On a pensé que la voix un peu rêveuse de Johnathan Donahue se prêterait bien à What are you waiting for. Quand on a reçu les tracks de chants on était ravis.
On a beaucoup écouté The black heart procession et on est fan de la voix très typée et habitée de Pall Jenkins . On l’imaginait bien en démon intérieur. On a rajouté des reverbs à l’effet un peu fantomatiques pour renforcer ce coté là.
Pour Ralph Mulder de Alamo Race track, on l’avait croisé à plusieurs reprises lors de concerts et on a enregistré l’album avec leur producteur dans le même studio qu’eux. On l’a invité à chanter sur des morceaux ou sa voix fragile et mélancolique incarne l’esprit parfois plus fragile du personnage.
8.Vous sentez-vous, à l’image du personnage mis en scène dans votre opéra pop moderne, « perdus entre rêve et réalité »?
Absolument! (réponse de Redboy, chant)
9.Me contredirez-vous si je vous dis qu’il y a, dans ce disque, un dimension émotionnelle très forte?
C’est un peu le dénominateur commun de tous nos disques, les émotions.
Sur cet album, c’est en effet une des tendances dominantes.
C’est peut -être encore plus fort en Live. Le but est d’incarner le personnage le plus fidèlement possible par rapport à l’histoire.
Il passe par tellement d’étapes marquantes que forcément ca se ressent sur scène.
10.Comment vous sentez-vous chez A(t) home, connu pour sa pluralité stylistique?
On a directement senti un esprit d’ouverture chez At(h)ome.

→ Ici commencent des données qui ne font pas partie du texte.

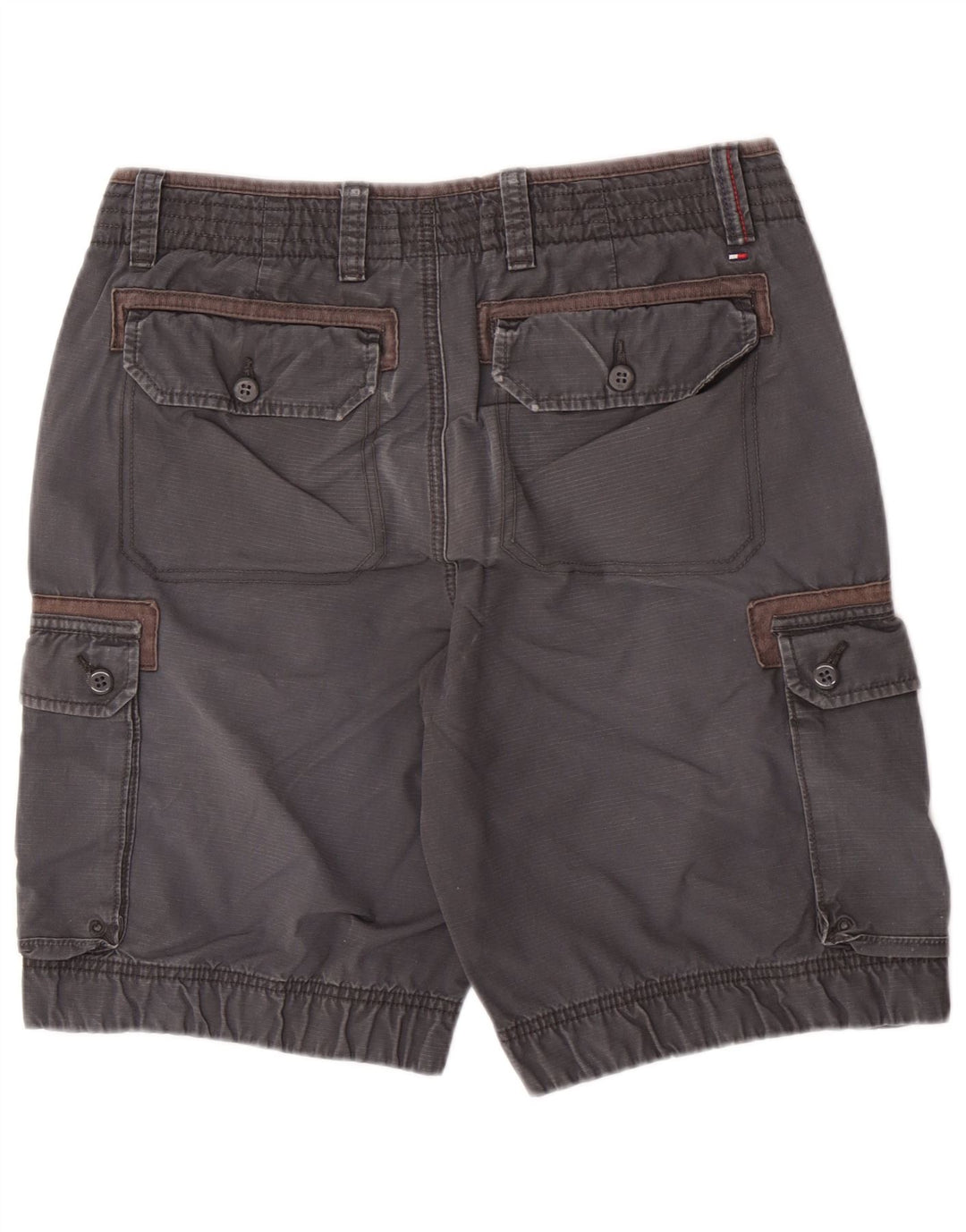 Tommy Hilfiger Herren-Cargo-Shorts, mittelgroß, W31, graue Baumwolle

Il était important pour nous que les partenaires qui se lancent dans l’aventure comprennent qu’il ne s’agit pas que d’un simple disque mais de tout un concept et que le projet soit défendu dans son intégralité et avec passion. On a ressenti un très grand soutien de toute l’équipe derrière le projet dès le départ, et on sait qu’il défendent très bien le concept.
11.Avez-vous déjà des idées en tête pour la suite de vos travaux? L’album et le spectacle proposé étant de taille, j’imagine que l’attente autour de vos productions va s’accroitre…
On va commencer à s’atteler à la création de nouveaux morceaux. Il est encore un peu tôt pour dégager un fil conducteur, mais on est très excité à l’idée de rentrer dans un nouveau processus créatif.
On ne ressent pas encore trop de pressions à l’heure actuelle, on en est toujours à la phase de concerts et on va encore continuer à défendre le projet en live durant encore un an.
12.Si on se penche sur vos premiers albums, quel regard portez-vous sur leur contenu à l’heure actuelle?
On est content des albums précédents. On a toujours fait le meilleur album possible au moment ou on le réalisait.
C’est sur qu’avec le temps on aurait tendance à vouloir changer et/ou améliorer certaines choses. Mais tout cela fait partie d’un processus de maturation musicale. Sans ces albums on n’en serait pas là aujourd’hui.
On a récemment fait des concerts où on rejoue des morceaux des anciens albums. Ca devait faire 4 ans que nous n’avions plus joué ces morceaux et c’était un vrai plaisir de les « redécouvrir » avec nos oreilles d’aujourd’hui.